Le droit à la preuve peut justifier la production en justice d’éléments extraits du compte privé Facebook d’un salarié portant atteinte à sa vie privée, à la condition que cette production soit indispensable à l’exercice de ce droit et que l’atteinte soit proportionnée au but poursuivi, a estimé la cour de cassation. Autrement dit, lorsque les faits sont trop graves, Facebook cesse d’être un espace uniquement privé.

Dans un arrêt rendu le 4 mai 2016, la cour d’appel de Poitiers avait déjà admis comme mode de preuve des captures d’écran d’une conversation privée Facebook, en l’occurrence les échanges humiliants entre un éducateur et une personne handicapée dont il avait la charge.

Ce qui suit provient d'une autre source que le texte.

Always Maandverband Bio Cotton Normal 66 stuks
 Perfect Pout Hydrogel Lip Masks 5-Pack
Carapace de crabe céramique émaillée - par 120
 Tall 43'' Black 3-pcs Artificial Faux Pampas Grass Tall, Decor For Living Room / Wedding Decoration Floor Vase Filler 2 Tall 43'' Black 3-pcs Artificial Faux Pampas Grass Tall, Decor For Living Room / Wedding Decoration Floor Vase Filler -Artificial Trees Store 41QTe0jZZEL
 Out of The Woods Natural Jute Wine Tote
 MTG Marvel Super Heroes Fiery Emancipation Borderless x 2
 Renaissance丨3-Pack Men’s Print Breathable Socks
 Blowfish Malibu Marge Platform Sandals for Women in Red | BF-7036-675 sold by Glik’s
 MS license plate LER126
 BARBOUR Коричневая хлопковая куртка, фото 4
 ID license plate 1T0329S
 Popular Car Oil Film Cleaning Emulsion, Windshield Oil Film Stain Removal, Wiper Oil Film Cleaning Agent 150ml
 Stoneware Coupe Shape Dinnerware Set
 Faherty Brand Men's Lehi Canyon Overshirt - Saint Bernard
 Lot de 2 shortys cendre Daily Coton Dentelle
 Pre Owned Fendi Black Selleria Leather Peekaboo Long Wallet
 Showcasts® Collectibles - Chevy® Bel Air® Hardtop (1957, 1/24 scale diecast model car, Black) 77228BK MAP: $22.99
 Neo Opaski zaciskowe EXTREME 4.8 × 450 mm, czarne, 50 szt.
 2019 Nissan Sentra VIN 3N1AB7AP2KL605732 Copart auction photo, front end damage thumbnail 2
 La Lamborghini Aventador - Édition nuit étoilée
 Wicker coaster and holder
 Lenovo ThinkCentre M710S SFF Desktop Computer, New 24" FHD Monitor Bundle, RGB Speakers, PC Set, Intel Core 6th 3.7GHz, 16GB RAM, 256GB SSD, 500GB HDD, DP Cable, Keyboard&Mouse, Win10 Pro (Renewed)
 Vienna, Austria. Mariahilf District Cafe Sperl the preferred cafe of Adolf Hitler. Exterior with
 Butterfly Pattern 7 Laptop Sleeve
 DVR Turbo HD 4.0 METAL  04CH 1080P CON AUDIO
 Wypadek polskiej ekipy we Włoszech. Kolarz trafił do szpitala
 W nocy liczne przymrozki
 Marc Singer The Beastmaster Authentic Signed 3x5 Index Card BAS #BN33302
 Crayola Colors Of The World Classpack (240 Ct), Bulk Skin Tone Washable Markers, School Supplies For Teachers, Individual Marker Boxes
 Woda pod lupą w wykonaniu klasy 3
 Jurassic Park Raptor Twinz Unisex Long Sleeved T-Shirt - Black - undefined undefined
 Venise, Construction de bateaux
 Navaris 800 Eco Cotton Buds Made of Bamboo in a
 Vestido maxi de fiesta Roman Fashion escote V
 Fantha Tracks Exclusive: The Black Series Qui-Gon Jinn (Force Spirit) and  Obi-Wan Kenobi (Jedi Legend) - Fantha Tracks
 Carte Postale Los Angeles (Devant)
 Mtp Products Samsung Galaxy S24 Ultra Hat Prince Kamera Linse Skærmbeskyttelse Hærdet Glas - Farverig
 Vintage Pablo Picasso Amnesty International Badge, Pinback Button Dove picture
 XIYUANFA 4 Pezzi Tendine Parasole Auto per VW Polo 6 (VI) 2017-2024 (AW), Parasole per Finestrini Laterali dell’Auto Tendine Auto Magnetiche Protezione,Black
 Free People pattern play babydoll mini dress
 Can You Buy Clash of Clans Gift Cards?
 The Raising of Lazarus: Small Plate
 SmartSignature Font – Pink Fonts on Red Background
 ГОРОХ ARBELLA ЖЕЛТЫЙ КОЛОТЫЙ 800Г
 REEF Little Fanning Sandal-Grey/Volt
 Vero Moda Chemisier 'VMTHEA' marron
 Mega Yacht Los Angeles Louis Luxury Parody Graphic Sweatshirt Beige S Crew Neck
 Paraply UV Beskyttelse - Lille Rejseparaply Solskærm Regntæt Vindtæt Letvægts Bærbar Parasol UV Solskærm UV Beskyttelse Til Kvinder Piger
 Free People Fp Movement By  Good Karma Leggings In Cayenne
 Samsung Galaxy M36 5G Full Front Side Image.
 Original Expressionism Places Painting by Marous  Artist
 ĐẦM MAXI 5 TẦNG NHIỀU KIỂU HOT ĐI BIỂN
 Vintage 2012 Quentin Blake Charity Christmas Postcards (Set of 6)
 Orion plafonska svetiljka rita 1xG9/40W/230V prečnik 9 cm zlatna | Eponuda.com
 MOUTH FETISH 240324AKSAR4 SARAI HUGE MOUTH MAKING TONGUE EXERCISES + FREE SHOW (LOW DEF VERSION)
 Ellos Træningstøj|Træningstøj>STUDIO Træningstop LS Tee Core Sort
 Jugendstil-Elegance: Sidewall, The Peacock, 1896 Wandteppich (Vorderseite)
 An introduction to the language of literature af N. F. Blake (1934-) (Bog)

Dans le cas de l’affaire Petit Bateau, le « droit à la preuve » exigeait lui aussi cette atteinte caractérisée à la vie privée. La production de la photo était en effet indispensable à l’employeur pour prouver que la salariée avait divulgué une information confidentielle de la société à des professionnels susceptibles de travailler pour des entreprises concurrentes.

Pour se faire, rappelait la cour d’appel, « l’employeur s’était borné à produire la photographie de la future collection de la société publiée par l’intéressée sur son compte Facebook, ainsi que le profil professionnel de certains de ses « amis » travaillant dans le même secteur d’activité ». L’atteinte à la vie privée était donc proportionnée au but poursuivi, soit la défense de l’intérêt légitime de l’employeur.